> THE TASK:
Within the material below, filter for lines that hold the word "Apartment".

***

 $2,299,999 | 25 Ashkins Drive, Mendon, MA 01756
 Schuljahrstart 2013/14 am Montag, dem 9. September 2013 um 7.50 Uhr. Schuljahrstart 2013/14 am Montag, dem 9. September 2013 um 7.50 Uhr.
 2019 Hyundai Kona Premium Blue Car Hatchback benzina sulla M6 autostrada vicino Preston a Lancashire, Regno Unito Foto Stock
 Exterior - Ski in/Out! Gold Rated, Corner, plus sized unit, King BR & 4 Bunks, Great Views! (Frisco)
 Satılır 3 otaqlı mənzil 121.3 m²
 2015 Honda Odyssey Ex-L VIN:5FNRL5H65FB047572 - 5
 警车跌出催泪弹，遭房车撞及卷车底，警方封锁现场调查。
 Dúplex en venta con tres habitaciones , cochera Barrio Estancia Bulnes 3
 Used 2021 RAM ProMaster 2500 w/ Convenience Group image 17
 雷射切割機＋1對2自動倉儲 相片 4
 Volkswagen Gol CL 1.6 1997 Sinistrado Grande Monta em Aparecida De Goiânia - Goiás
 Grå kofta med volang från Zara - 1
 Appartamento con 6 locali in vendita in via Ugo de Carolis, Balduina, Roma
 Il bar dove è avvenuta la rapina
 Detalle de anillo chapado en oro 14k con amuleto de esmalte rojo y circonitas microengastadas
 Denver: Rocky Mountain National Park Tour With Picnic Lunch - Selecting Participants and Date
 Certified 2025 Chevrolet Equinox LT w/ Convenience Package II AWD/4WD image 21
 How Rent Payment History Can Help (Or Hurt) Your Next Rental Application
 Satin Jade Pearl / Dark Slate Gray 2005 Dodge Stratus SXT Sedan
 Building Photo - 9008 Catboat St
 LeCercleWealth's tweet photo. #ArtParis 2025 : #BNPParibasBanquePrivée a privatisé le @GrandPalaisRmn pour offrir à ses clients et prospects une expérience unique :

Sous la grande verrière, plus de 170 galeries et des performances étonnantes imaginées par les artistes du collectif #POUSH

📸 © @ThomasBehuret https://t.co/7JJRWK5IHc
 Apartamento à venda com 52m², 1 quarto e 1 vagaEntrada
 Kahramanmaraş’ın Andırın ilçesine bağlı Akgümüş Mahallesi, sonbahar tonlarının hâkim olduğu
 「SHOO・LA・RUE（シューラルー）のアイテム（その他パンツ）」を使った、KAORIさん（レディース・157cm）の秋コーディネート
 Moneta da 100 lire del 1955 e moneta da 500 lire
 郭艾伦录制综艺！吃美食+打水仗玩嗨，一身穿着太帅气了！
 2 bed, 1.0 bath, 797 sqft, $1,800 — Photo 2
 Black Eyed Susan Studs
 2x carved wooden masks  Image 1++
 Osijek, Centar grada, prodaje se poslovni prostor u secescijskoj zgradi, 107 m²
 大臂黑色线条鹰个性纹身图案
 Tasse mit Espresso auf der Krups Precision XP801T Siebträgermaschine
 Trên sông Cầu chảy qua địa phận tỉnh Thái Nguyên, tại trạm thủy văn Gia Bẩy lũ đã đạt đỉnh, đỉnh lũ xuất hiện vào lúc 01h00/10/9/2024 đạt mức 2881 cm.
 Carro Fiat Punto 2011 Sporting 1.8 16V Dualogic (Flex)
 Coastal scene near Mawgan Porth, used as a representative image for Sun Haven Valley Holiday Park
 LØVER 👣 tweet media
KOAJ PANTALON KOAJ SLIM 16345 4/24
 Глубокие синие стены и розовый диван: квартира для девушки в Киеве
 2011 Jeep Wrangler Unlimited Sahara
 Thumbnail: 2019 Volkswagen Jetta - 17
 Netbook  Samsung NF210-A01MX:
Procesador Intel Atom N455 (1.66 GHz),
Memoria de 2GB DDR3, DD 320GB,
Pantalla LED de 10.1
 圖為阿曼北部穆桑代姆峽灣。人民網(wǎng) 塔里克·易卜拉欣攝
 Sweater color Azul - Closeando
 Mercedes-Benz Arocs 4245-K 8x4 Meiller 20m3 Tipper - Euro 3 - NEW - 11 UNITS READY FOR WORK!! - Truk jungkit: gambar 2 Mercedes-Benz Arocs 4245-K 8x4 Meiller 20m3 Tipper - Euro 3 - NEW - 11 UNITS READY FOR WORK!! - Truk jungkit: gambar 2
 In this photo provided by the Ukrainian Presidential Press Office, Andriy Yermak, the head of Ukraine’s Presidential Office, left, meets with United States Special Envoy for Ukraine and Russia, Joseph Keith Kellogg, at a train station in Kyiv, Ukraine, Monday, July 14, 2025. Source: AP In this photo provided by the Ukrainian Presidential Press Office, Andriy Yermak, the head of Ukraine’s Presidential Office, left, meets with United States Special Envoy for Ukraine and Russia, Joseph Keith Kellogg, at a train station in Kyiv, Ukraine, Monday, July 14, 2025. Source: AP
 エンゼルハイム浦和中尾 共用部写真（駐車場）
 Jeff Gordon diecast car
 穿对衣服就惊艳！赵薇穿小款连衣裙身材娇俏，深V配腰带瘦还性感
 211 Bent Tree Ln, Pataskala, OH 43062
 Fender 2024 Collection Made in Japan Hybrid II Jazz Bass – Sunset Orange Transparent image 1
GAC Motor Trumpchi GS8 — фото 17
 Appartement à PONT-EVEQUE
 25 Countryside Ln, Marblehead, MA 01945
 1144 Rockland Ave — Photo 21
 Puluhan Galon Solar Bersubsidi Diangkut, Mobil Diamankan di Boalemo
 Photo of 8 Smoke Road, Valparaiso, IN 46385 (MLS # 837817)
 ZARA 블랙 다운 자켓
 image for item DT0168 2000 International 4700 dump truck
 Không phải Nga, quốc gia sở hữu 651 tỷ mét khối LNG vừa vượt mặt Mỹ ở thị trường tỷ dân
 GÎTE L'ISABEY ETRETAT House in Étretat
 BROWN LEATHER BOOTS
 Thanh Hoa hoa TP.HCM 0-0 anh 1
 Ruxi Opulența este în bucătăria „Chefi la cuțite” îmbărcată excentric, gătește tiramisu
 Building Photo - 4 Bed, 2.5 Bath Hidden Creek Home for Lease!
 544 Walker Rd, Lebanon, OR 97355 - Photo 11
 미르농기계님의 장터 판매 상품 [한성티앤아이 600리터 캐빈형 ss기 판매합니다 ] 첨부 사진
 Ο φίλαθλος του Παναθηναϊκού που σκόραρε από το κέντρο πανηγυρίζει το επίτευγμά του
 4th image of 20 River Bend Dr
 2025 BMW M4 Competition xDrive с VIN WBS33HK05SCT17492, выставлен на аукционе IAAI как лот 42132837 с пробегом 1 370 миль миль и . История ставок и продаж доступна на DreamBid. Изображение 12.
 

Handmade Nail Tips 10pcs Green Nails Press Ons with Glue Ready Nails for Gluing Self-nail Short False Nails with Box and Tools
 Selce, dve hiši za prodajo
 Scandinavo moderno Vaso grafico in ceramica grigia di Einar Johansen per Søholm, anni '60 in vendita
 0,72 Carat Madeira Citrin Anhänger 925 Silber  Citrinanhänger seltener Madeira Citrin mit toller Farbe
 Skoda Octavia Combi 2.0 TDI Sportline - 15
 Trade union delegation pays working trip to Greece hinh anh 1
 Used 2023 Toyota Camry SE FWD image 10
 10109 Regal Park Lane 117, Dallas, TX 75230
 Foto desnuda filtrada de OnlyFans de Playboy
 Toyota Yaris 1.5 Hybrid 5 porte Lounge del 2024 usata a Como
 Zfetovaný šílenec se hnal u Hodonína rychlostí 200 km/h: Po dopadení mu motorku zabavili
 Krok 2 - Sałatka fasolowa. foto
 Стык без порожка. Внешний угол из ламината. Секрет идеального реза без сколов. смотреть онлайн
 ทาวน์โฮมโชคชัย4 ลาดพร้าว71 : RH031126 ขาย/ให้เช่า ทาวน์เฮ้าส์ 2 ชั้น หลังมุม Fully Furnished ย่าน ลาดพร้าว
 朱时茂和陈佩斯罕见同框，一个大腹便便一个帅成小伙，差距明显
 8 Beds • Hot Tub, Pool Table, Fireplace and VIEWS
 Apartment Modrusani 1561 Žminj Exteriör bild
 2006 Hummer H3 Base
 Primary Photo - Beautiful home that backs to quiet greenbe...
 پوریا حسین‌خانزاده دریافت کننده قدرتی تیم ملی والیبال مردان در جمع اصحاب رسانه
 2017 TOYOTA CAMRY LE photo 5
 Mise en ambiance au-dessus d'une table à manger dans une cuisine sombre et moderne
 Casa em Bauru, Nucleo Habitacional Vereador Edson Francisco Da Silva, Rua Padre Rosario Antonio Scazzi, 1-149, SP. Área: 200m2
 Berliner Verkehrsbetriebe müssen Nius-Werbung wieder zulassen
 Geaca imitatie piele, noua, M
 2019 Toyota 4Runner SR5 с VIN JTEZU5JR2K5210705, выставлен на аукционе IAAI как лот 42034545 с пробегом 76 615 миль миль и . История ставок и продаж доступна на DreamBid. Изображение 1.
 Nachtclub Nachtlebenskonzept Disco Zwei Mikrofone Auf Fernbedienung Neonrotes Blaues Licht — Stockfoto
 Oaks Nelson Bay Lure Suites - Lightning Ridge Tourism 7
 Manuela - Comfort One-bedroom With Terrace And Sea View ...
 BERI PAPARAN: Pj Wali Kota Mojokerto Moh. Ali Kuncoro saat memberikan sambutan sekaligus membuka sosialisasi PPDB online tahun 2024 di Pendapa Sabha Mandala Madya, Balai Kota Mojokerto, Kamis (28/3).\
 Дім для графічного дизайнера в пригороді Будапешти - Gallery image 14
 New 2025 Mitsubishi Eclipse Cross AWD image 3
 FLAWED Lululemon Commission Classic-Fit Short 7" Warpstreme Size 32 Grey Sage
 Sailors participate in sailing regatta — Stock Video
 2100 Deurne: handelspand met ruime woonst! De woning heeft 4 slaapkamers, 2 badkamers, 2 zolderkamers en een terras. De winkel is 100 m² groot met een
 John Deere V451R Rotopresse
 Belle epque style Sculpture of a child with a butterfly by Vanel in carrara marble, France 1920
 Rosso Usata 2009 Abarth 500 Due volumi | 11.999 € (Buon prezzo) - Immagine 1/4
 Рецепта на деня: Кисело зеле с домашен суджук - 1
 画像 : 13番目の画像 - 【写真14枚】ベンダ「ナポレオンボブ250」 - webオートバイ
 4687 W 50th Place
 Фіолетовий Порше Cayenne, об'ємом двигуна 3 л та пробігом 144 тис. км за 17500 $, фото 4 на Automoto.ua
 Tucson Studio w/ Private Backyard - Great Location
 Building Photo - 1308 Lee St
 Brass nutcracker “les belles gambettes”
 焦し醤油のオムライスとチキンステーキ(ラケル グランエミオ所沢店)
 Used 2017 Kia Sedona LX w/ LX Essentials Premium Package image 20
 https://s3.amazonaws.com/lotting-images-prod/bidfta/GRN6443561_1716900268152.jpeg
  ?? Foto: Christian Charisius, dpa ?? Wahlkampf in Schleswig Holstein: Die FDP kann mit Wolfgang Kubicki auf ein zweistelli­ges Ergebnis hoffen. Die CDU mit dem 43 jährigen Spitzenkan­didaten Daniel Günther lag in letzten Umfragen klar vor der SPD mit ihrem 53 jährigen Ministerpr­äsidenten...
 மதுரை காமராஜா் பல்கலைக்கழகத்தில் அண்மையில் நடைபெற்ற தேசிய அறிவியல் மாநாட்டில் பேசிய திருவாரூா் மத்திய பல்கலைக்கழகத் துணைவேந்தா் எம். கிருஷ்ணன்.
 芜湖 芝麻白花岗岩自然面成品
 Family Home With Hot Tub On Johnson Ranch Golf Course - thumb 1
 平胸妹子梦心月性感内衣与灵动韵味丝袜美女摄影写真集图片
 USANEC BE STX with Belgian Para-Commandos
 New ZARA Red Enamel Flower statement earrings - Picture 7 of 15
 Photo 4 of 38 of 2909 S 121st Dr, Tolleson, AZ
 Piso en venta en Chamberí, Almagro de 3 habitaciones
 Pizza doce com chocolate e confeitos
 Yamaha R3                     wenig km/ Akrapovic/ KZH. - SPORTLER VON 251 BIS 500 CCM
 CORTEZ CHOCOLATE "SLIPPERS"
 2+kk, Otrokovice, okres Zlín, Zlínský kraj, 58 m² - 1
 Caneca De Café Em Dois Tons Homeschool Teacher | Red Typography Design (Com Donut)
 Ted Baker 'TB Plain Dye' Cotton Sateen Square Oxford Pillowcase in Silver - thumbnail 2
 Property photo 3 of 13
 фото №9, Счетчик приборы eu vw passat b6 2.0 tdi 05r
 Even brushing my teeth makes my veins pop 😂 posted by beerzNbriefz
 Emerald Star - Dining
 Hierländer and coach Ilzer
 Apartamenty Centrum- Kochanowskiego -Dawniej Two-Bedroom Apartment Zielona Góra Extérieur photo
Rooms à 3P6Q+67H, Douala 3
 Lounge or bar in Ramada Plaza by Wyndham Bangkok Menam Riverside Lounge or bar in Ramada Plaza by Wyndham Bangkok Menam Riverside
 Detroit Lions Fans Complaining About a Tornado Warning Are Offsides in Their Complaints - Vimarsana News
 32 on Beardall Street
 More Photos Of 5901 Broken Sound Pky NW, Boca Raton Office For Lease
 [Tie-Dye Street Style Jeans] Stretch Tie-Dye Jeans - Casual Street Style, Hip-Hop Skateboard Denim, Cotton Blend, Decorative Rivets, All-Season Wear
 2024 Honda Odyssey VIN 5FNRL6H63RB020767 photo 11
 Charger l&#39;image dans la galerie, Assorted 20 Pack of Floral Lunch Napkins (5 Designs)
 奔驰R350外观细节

***

> ANSWER SECTION:
 Apartment Modrusani 1561 Žminj Exteriör bild
 Apartamenty Centrum- Kochanowskiego -Dawniej Two-Bedroom Apartment Zielona Góra Extérieur photo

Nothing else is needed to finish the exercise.